A company called PeopleTech (sounded like that) has built a UI for managing RDS Modern Infrastructure (RDMI). Apparently it’s similar to what RDS in Project Honolulu will look like.

Sridhar from Citrix

Honestly, this isn’t a big deal for me because none of my customers use Citrix, and Citrix’s “Azure” products only work in Enterprise Agreements. This is a marketing pitch so there’s no notes here other than support for Windows 10 S.

Back to MS with David.

Demo

An MS-owned RDS client for Mac is in public preview. It looks nice. Admins can group desktops logically for easy click-and-login. There’s thumbnails for identifying the desktops. There are options to disable thumbnails (privacy) and for list view (scale). It will support AAD with RDMI. Applications can be in folders. The Mac OS has some limitations – running published apps don’t get their own native icons in the task bar like they do on Windows, but MS will work around that, including app switching.

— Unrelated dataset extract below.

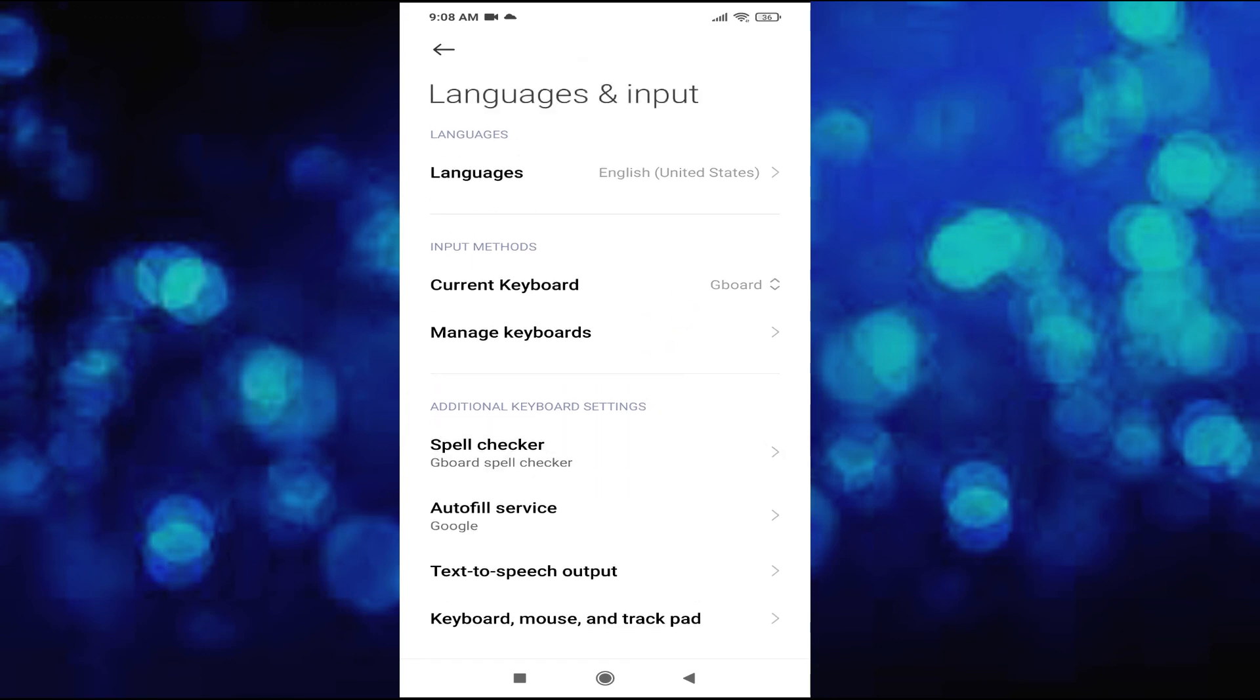That's it guys, this is how you change the language in any Xiaomi phone. If you found this video helpful, please subscribe to this channel and thank you for watching.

Next up is the Windows App for the RDP client. A lot of future improvement here are focused on admin usage (needed if it’s ever going to replace MSTSC.EXE). Indicator to see which desktops are connected. Multiple simultaneous connections is supported. You can easily switch desktops and go “home”. A coming feature in the app is to put the desktops into different windows. There will be an option in settings to open each connection as a new window. RDP files  can be associated with the App and open the desktop in a new window. For high DPI devices, you will be able to control the resolution and/or scaling of the display. You’ll also be able to choose to stretch the content but keep the aspect ratio, or stretch the content only. When you create groups, you can move connections between the groups.

Right now, almost all of this is available now, except multi-window support.

Next up is the new HTML5 web client. This will support RDMI and classic WS2016 deployments. In the demo, you can see the UI is refreshed and modern. It kind of runs similarly to the Windows Store remote desktop app. When connected, the session is in the browser. When you go full screen, an RDP bar is pinned at the top by default, but you can un-pin it to give more space to the app/desktop.